TASK:
What you write must be the listing below in full, word for word, minus its pictures.

[[ STORED DATA, beginning ]]

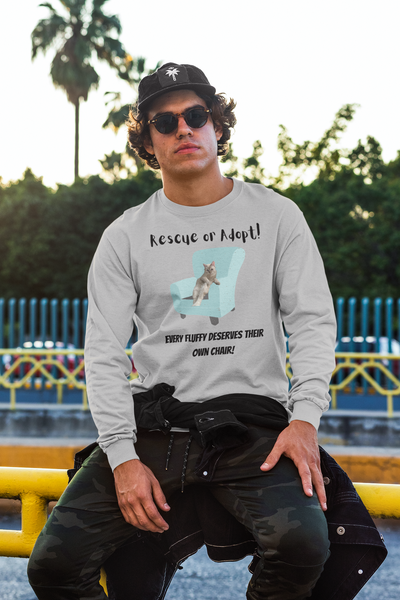 EVERY FLUFFY DESERVES A CHAIR Long Sleeve Tee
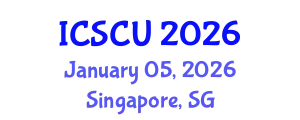 International Conference on Smart Cities and Urban (ICSCU) January 05, 2026 - Singapore, Singapore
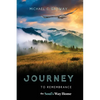 Journey to Remembrance: The Soul's Way Home - Paperback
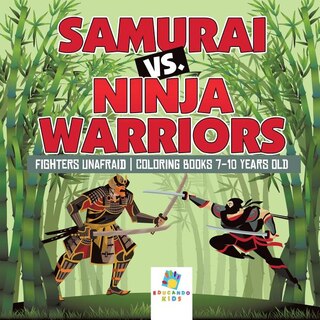 Front cover_Samurai vs. Ninja Warriors Fighters Unafraid Coloring Books 7-10 Years Old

[[ STORED DATA, end ]]

RESULT:
 EVERY FLUFFY DESERVES A CHAIR Long Sleeve Tee
 International Conference on Smart Cities and Urban (ICSCU) January 05, 2026 - Singapore, Singapore
 Journey to Remembrance: The Soul's Way Home - Paperback
 Front cover_Samurai vs. Ninja Warriors Fighters Unafraid Coloring Books 7-10 Years Old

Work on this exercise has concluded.